There are actually two handshakes, but not four messages, only two. This is because the intermediate message has two meanings in both the CQI and MCS tables.

Another solution to avoid ambiguous CQI reporting is to allow the UE to initiate a table switch to the CQI and the eNB to initiate a switch to the MCS. Therefore, the originator of a message can always switch to the corresponding table and therefore limit its use to a common index area during an ambiguous cycle.

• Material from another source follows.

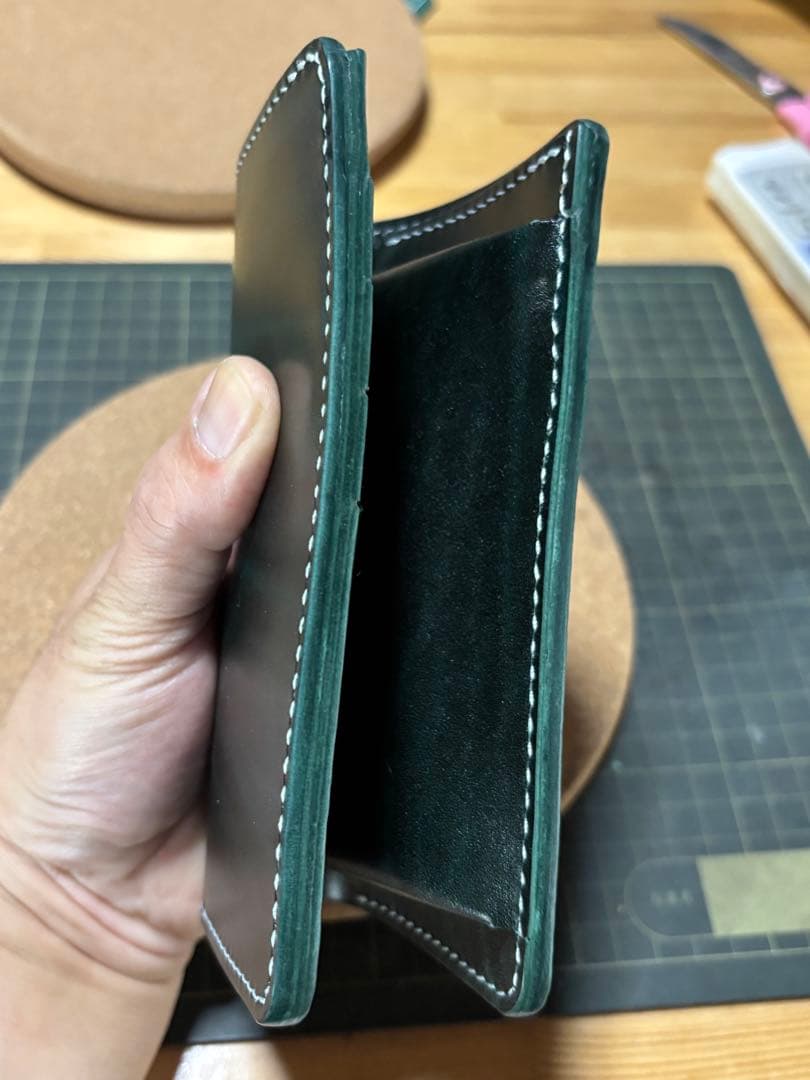 ミドルウォレット　ベルギー産　ルガト　ハンドメイド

A new UE category containing 256QAM is needed to indicate the capabilities of the UE to support 256QAM. If the UE does not support 256QAM, then the process and the MCS / CQI index table with the 256QAM extension are not used. Alternatively, the eNB can send a switch command and determine the response regardless of whether the UE supports 256QAM. At the initial access stage, the eNB does not yet know the capabilities of the UE, so 256QAM and thus higher modulation order MCS tables should not be used.

The process described above can be used to extend to higher MCS. The process can also be extended to cover more than one table and switch between them. The common MCS represented in more than one table must always be in the same position. There are differences in the size and form of the common index area between the tables, for example, different tables can have different levels of subsampling. For example, there are three tables: low, medium and high. The intermediate table can contain every other MCS entry in the low modulation area, while the high table uses only every three entries (similar to Table 1), and those entries are the intermediate table. It is selected from those that also exist. This is possible because 2 is a divisor of 4, so subsampling of high tables should not select every other or every four entries that do not fit. It may also be used for table 1 which covers a wide range of CQI values.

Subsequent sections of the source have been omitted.